And the other thing is that the brain is very well visualized as you look at it, it feels like you're almost looking at an MRI.
It's 'cause there's not much cranium around it. Okay?
On the other hand, what do you do when you have a short femur?
You go looking for other markers of trisomy 21.
You look for a short femur, a short humerus, an absent nasal bone, echogenic bowel nuchal thickening greater than six millimeters, an echogenic focus in the heart.
And pyelectasis, which is just a little bit of renal dilatation, which has to be greater than four millimeters to be an aneuploidy risk factor.
Now how do you do this looking for short femurs?
We use this table from Nyberg et al and we look at the BPD and this is a normal predicted humeral length.
And if the length is less than 2.18 at four BPD, then that is a short humerus.
Here's a normal femur and if it's less than this number then it's a short one.
Okay? Now what are the anomalies you should think about for trisomy 21 or down syndrome?
First you should think heart disease.
Do they have an AV canal? Atrioventricular canal?
Do they have a septal defect, either an atrial septal defect or a ventricular septal defect?
Perhaps they have tetralogy of Fallot.
All things that we can look for on ultrasound, do they have duodenal atresia with a double bubble sign?

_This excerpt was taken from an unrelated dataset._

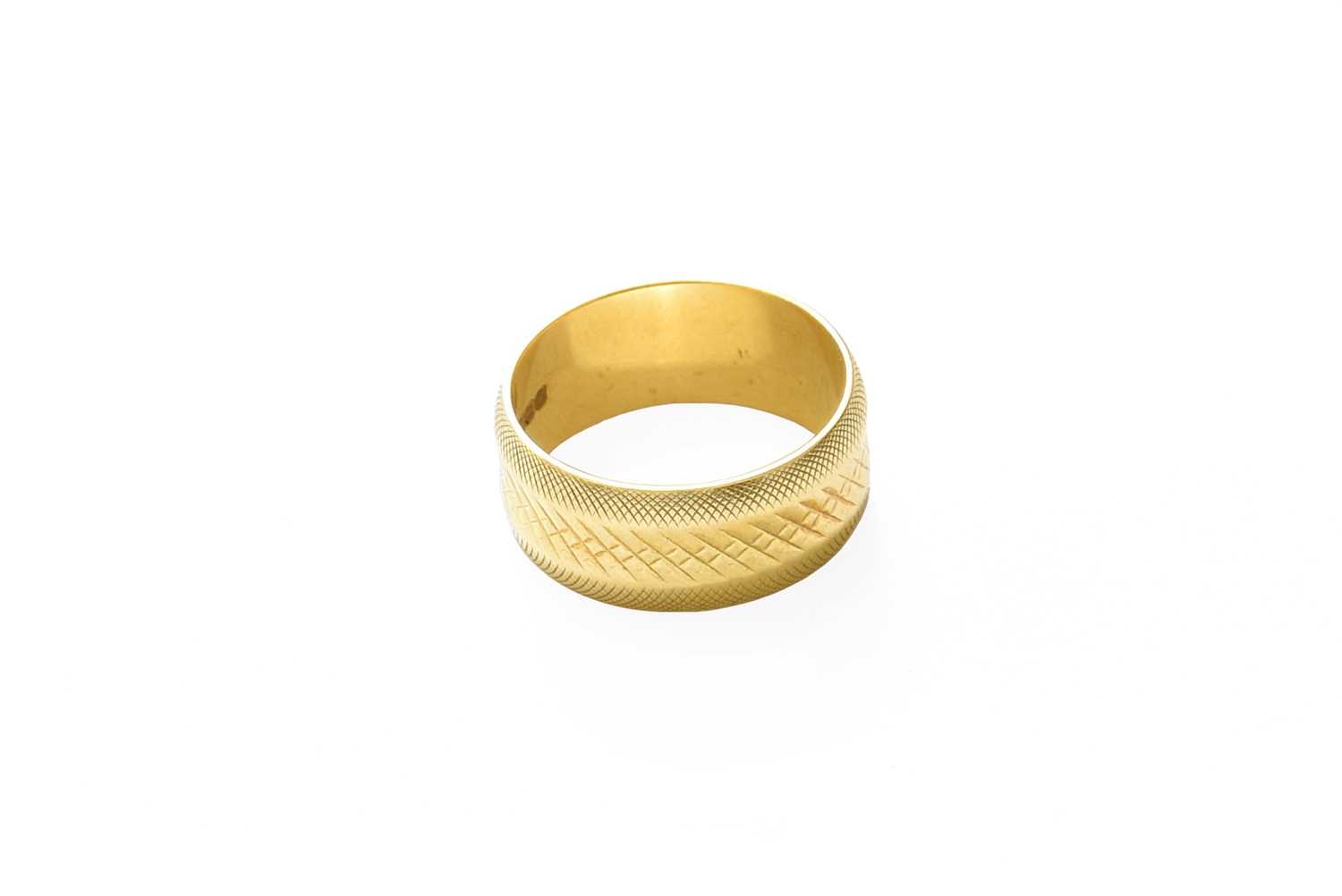 Lot 416 - An 18 Carat Gold Textured Band Ring, finger...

Esophageal atresia with polyhydramnios, mild ventriculomegaly cleft lip and palate unilateral pleural effusion.
Ectopic Pregnancy and Uterine Anomalies Case
Okay, the next case, this is a patient that it's not an anomaly, but she comes into the ER with bleeding rule out ectopic pregnancy.
This is a 3D picture, showing the coronal through the uterus and then where they've taken it from a transverse view.
And then here is the multiplanar picture of a C plane through the uterus with this abnormality right here.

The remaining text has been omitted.